The 20-bond index of general obligation bonds declined to its lowest level in nearly 13 years, dropping four basis points, to 6.38% from 6.42% last week. It is now at its lowest level since Aug. 30, 1979. when it was at 6.36%.
The daily Municipal Bond Index's yield to maturity reached a record low for the third consecutive week. The daily index's average yield to maturity fell eight basis points to 6.45% from 6.53% last Wednesday. The Bond Buyer began calculating the yield to maturity on Jan. 1, 1985.
Part of the yield to maturity's decline can be attributed to Wednesday's revision in the list of 40 bonds used to calculate the Municipal Bond Index. Nine bonds in the index were replaced by new issues, pushing the average coupon rate down to 6.40% from 6.47%.

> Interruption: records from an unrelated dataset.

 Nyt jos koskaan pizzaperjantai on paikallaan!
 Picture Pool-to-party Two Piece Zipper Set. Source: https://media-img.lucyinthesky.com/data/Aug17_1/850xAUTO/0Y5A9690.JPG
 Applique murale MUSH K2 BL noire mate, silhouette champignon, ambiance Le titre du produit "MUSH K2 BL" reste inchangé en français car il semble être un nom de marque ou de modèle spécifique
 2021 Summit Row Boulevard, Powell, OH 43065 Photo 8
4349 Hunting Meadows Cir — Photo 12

The 11-bond index of general obligation bonds fell two basis points to 6.29% from 6.31% last week. The index is just one basis point above its 1992 low of 6.28%, set on Jan. 9, which was the lowest it has been since it was 6.23% on Sept. 27, 1979.
The 30-year revenue bond index's yield was off three basis points, to 6.55% from 6.58%. The index is just two basis points above its all-time low of 6.53%, set Jan. 9 of this year. The revenue bond index began on Sept. 20, 1979.

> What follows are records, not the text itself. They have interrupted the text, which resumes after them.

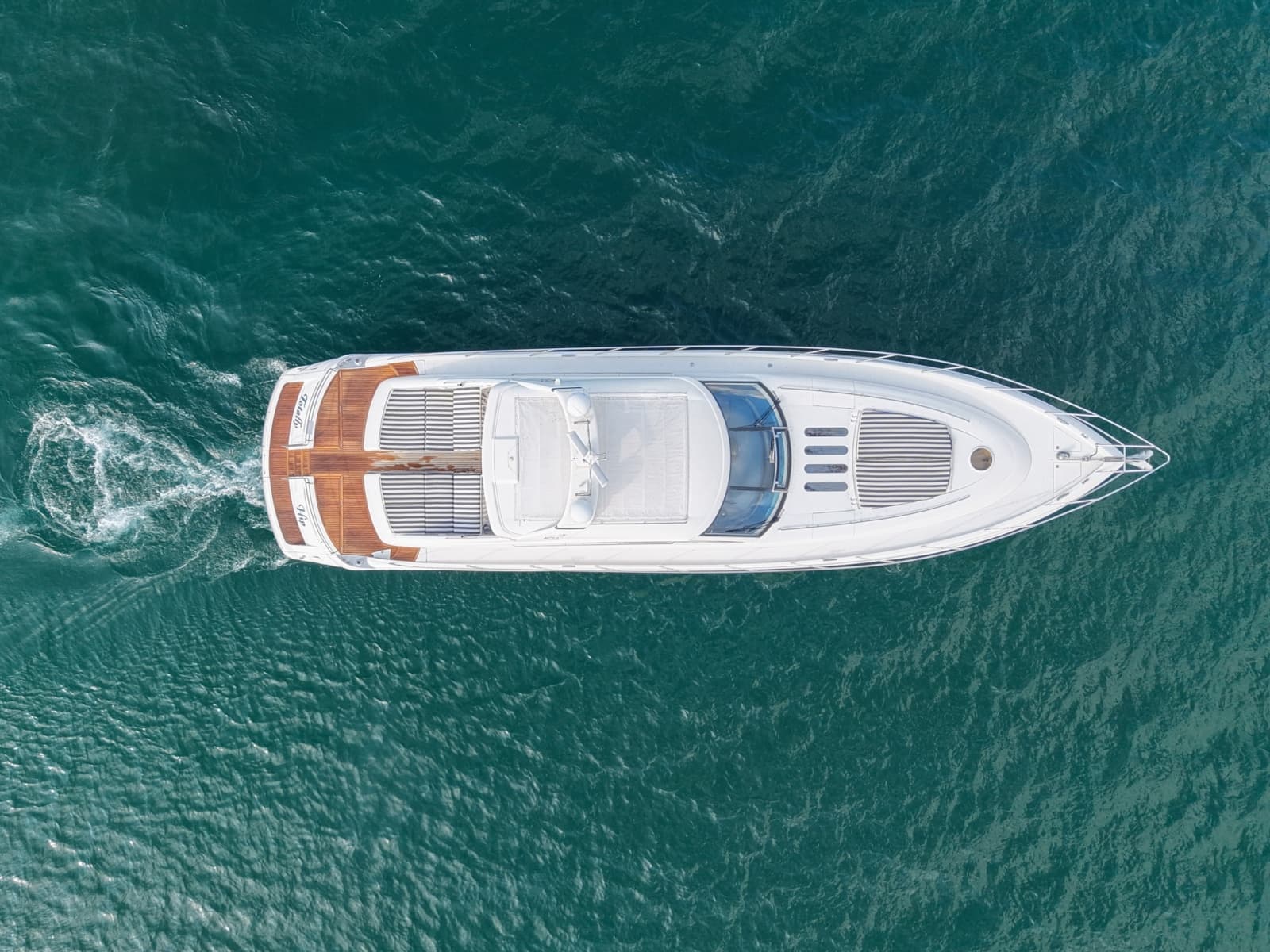 2001 Viking Sport Cruisers V65 Express - Photo 3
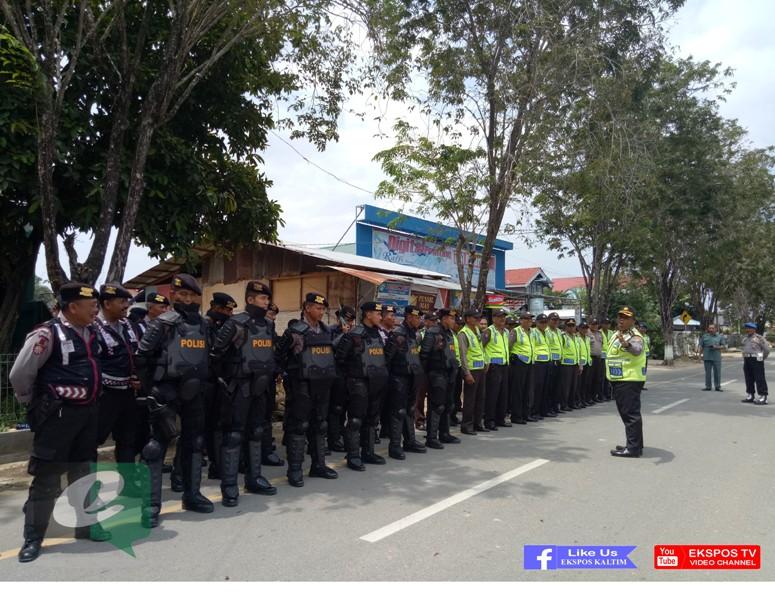360 PERSONIL KEPOLISIAN DIKERAHKAN AMANKAN SIDANG KASUS KORUPSI DI BONTANG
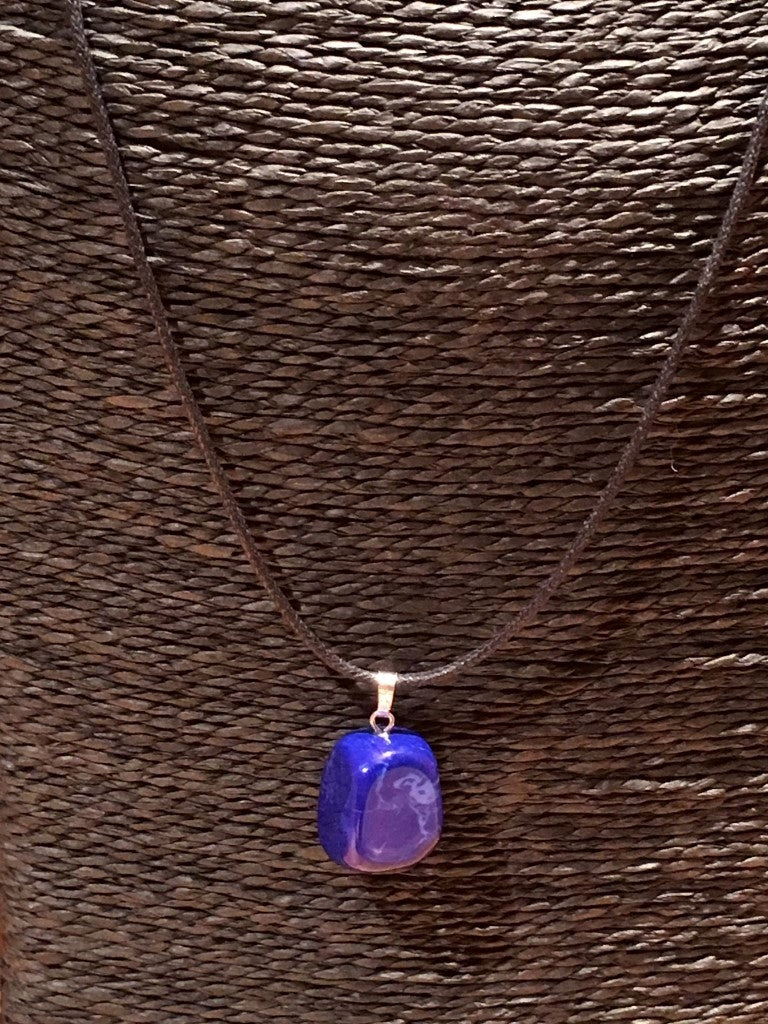 Blauwe Howliet Hanger aan Koord - Halssieraad Blauw - c.a. 1,5x1cm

The long-term U.S. Treasury market did not perform as well as municipals, as the 30-year government bond's yield edged one basis point lower, to 7.75% from 7.76%.
Investor demand for municipals has been so strong that no even a record volume of sales has been able to dampen the price rally. According to preliminary figures compiled by The Bond Buyer from Securities Data Co.'s data base, $111.75 billion of municipal bonds were issued in the first six months, a whopping 58% increase from the $74.16 billion sold in the same period last year.
"In spite of the fact that the market should be choking on supply, there just isn't enough," said George Friedlander, a managing director with Smith Barney, Harris Upham & Co. "If anything, there is a shortage.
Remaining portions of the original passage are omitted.